For AB Princeton sophomores, April 19, 2016 was (and still is) a date engraved in our brains. It marked the deadline for declaring our concentration. By extension, it also symbolized a major transition in our academic careers. April 19 signaled the end of days, weeks and even months of uncertainty mixed with internal debates and (many) last-minute mind changes. Theoretically, the passing of April 19 should have put us sophomores at ease. No more doubt and anxiety …right?
On the contrary, I personally have experienced some uncertainty since declaring my major (Woodrow Wilson School of Public and International Affairs, also known as “Woody Woo”). Given that many of my friends have had similar feelings, I’ve decided to address two questions that my fellow not-so-anxiety-free sophomores might have post-concentration declaration.
How do I know this was the right choice for me?
This is a big one. The department you choose greatly influences the remainder of your academic experiences at Princeton and your independent work. Moreover it can (but does not necessarily) help you determine your post-graduation plans and career path. It’s no surprise that many sophomores have second thoughts about their majors.
Of course, determining whether you made the right choice is an entirely individual endeavor; but I’ll offer a few pieces of general advice. Firstly, we have all thought long and hard about which concentration to choose. These were not spur of the moment decisions. We chose our concentrations based off of years of academic experiences, introspection and discussion with advisers, parents and friends. It’s normal to think twice about a decision this big—but trust that you made an informed decision.
Also, know that you may have considerable freedom to explore topics within your major. Flexibility varies from department to department, but you will most likely be able to narrow the focus of your independent research in a way that interests you.
If you are absolutely positive that you made the wrong decision, you might be able to change your major. It depends on your completion of the necessary prerequisites and ability to fulfill future requirements. If you are genuinely worried, you should meet with representatives from both the department you declared and the one you’re considering as soon as possible—definitely before classes start in the fall. You can find more information here.
How should I approach my course of study?
Planning how to fulfill requirements for your concentration can be incredibly stressful. But, it’s also incredibly necessary. No one wants to end up taking five classes for numerous semesters because they didn’t plan their classes wisely.
Before declaring Woody Woo, I had to fill out a form roughly outlining which courses I will take for the next two years and how I will fulfill my requirements.

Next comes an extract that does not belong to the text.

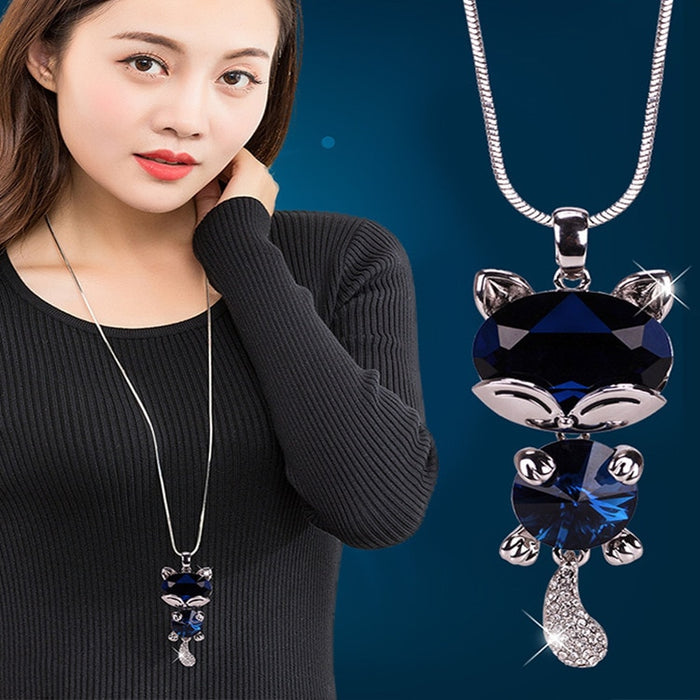Women Classic Long Chain Necklace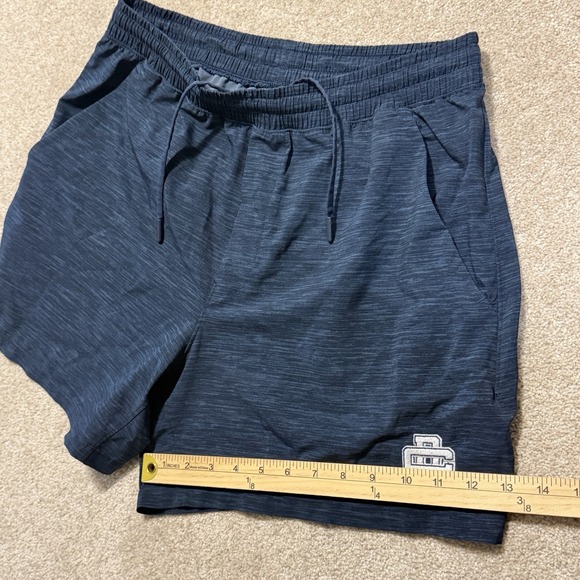 Lululemon Shorts Mens Large Blue Pace Breaker Linerless Swim and Dive Logo - Picture 3 of 6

While this was a tedious task, I found it exceptionally useful. I realized that I don’t have very much wiggle room within my requirements for my concentration and certificates; I can only take one or two classes outside of my department and certificate programs. Not all departments require sophomores to fill out such forms, but I think they serve as a great exercise in planning your course of study. See if your department has a planning form, and, if not, try creating a spreadsheet detailing your requirements and how you will fulfill them. Not only will it help ensure that you don’t miss requirements, it can also urge you to start thinking about your independent work and how you want to specialize within your field.
Additionally, it’s a good idea to reach out to your departmental adviser any time you have a question or are considering altering your course of study. Many departments also have useful advising resources on their websites (for example, the Woody Woo advising tool and the Economics Department’s checklists), so you can generate informed questions before setting up an in-person meeting.
While many sophomores will continue to worry about their decisions, it’s important to remember that each department has support systems in place to advise us on our course of study and independent work. Every department provides a variety of resources, such as independent work guides, that help us navigate the research process. Furthermore, department representatives, undergraduate administrators, faculty, upperclassmen and graduate students all have intimate knowledge of the department to share. So, in a way, April 19 marked our transition into new communities—ones that can guide us and remind us exactly why we chose our concentrations.